Five Things You (and Your M&A Diligence Team) Should Know
Recently it was announced that Verizon would pay $350 million less than it had been prepared to pay previously for Yahoo as a result of data breaches that affected over 1.5 billion users, pending Yahoo shareholder approval. Verizon Chief Executive Lowell McAdam led the negotiations for the price reduction. Yahoo took two years, until September of 2016, to disclose a 2014 data breach that Yahoo has said affected at least 500 million users, while Verizon Communications was in the process of acquiring Yahoo. In December of 2016, Yahoo further disclosed that it had recently discovered a breach of around 1 billion Yahoo user accounts that likely took place in 2013.
While some may be thinking that the $350 million price reduction has effectively settled the matter, unfortunately, this is far from the case. These data breaches will likely continue to cost both Verizon and Yahoo for years to come. Merger and acquisition events that are complicated by pre-existing data breaches will likely face at least four categories of on-going liabilities. The cost of each of these events will be difficult to estimate during the deal process, even if the breach event is disclosed during initial diligence. First, the breach event will probably render integration of the systems of the target and acquirer difficult, as the full extent of the security issues is often difficult to assess and may evolve through time. According to Verizon executives, Yahoo’s data breaches created integration issues that had not been previously understood. The eventual monetary cost of this issue remains unknown.
Second, where the target is subject to the authority of the Security and Exchange Commission (SEC), an SEC investigation and penalties if applicable, is likely, along with related shareholder lawsuits. As we wrote previously, The SEC is currently investigating if Yahoo should have reported the two massive data breaches it experienced earlier to investors, according to individuals with knowledge. Under the current agreement, Yahoo will bear sole liability for shareholder lawsuits and any penalties that result from the SEC investigation.

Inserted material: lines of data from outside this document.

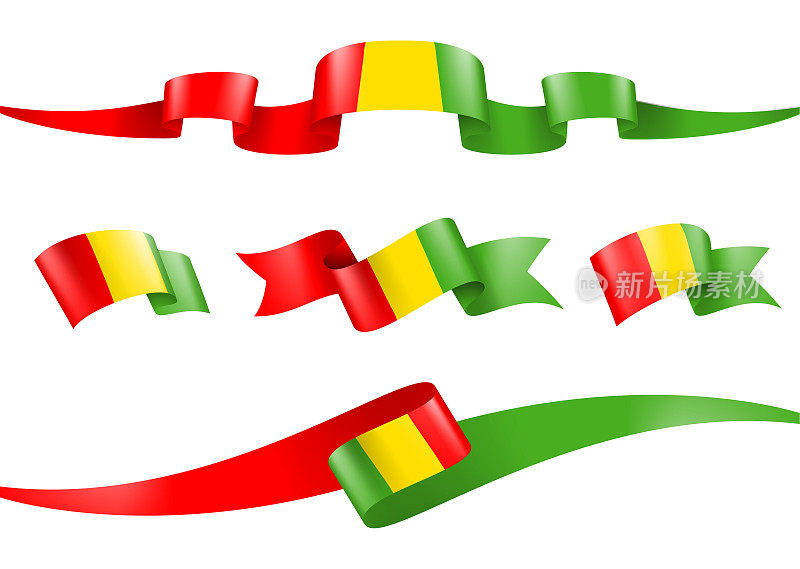 几内亚旗缎带集-矢量股票插图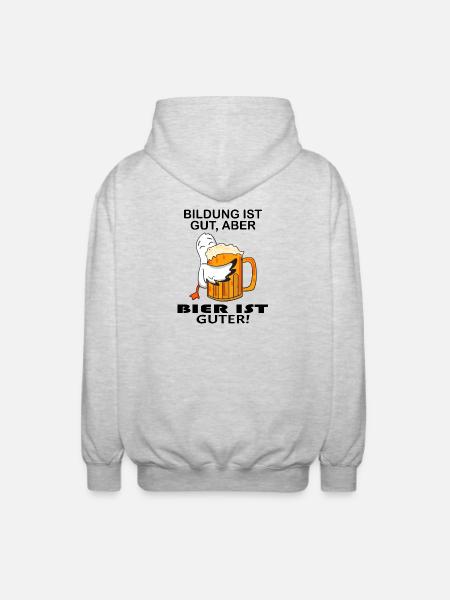 Bier Spruch lustig - Unisex Kapuzenjacke - Hellgrau meliert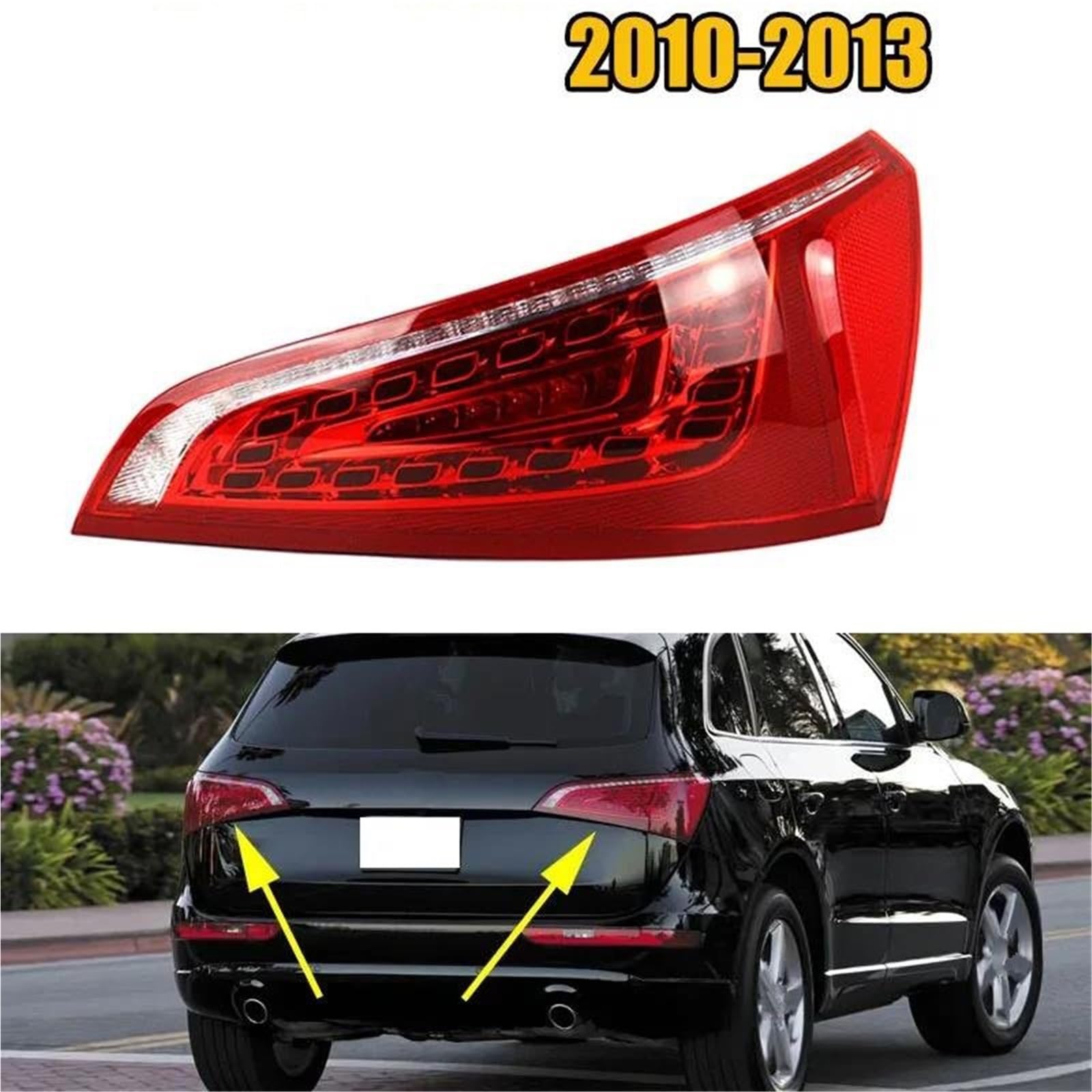 Genérico Luces Traseras Para Automóvil Para Q5 2010-2013 Intermitentes, Luz De Freno, Luz Antiniebla Y Luz De Circulación Diurna Conjunto Faro Trasero(BIEN)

Third, there will likely be additional private party actions due to the breach. Exactly what these liabilities will be will depend on the data subject to exfiltration as a result of the breach. In Yahoo’s case, Verizon and Yahoo have agreed to equally share in costs and liabilities created by lawsuits from customers and partners. Multiple private party lawsuits have already been filed against Yahoo alleging negligence.

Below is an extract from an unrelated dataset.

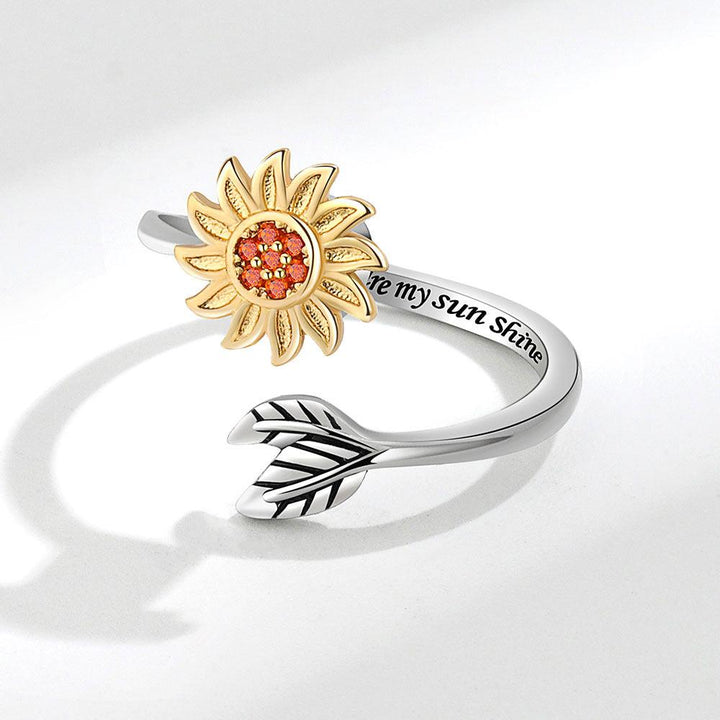 Fashion Adjustable Sunflower Rotating Ring - Trendha
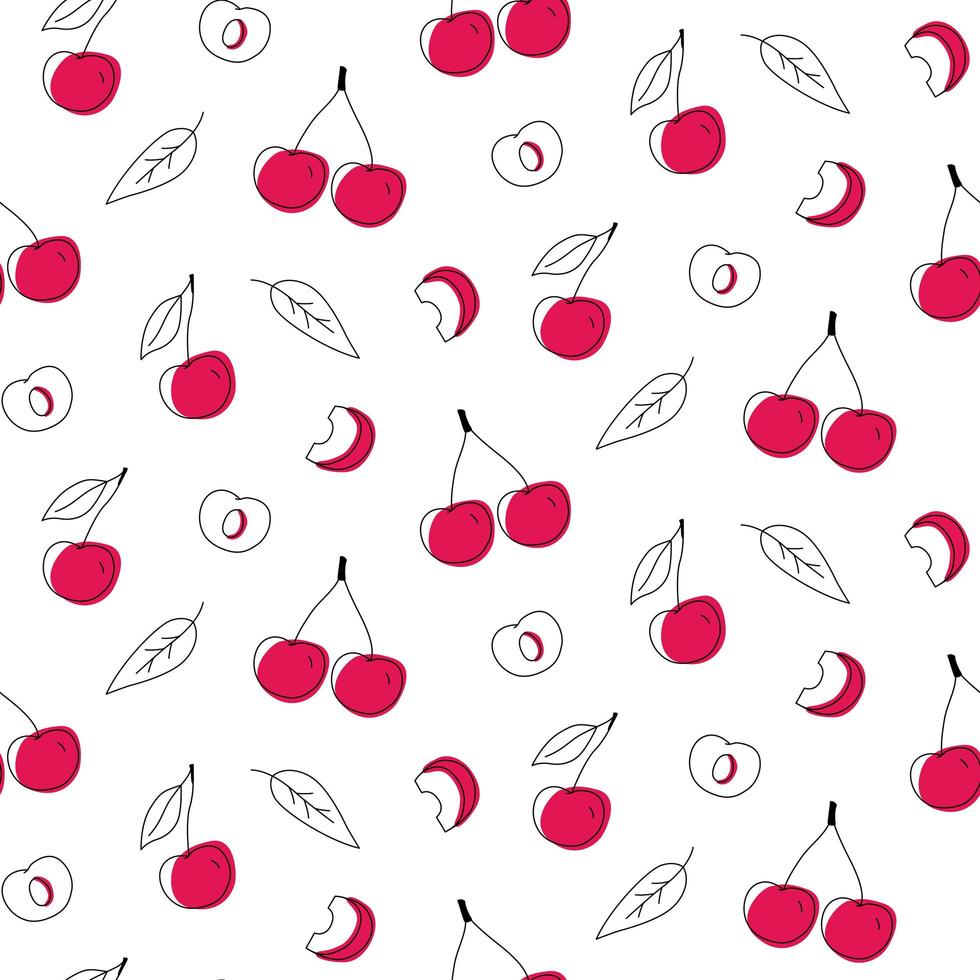 Seamless pattern doodle cherries outline with spots. Whole, pieces, and leaves. vector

Fourth, other government investigations, such as by the Federal Bureau of Investigation (FBI), could result in additional costs, both monetary and reputational. The FBI is currently investing the Yahoo breaches. Verizon and Yahoo will share the costs of the FBI investigation and other potential third party investigations.
Fifth, depending on the scope of the breach, there would likely be on-going remediation costs after the deal closes. According to a knowledgeable source, as of February 2017, Yahoo had sent notifications to a “mostly final” list of users, indicating that some remaining remediation activities may yet occur.
As we have seen, merger and acquisition events involving a target with a pre-existing data breach issues create difficult to assess costs and liabilities that will survive the closing of the transaction. While targets can reduce the risk of such adverse events through enforcing a comprehensive Cybersecurity Risk Management program, acquirers or targets facing these issues as part of a transaction should consult experienced legal counsel and M&A due diligence teams should include data privacy/security subject matter experts as a matter of course.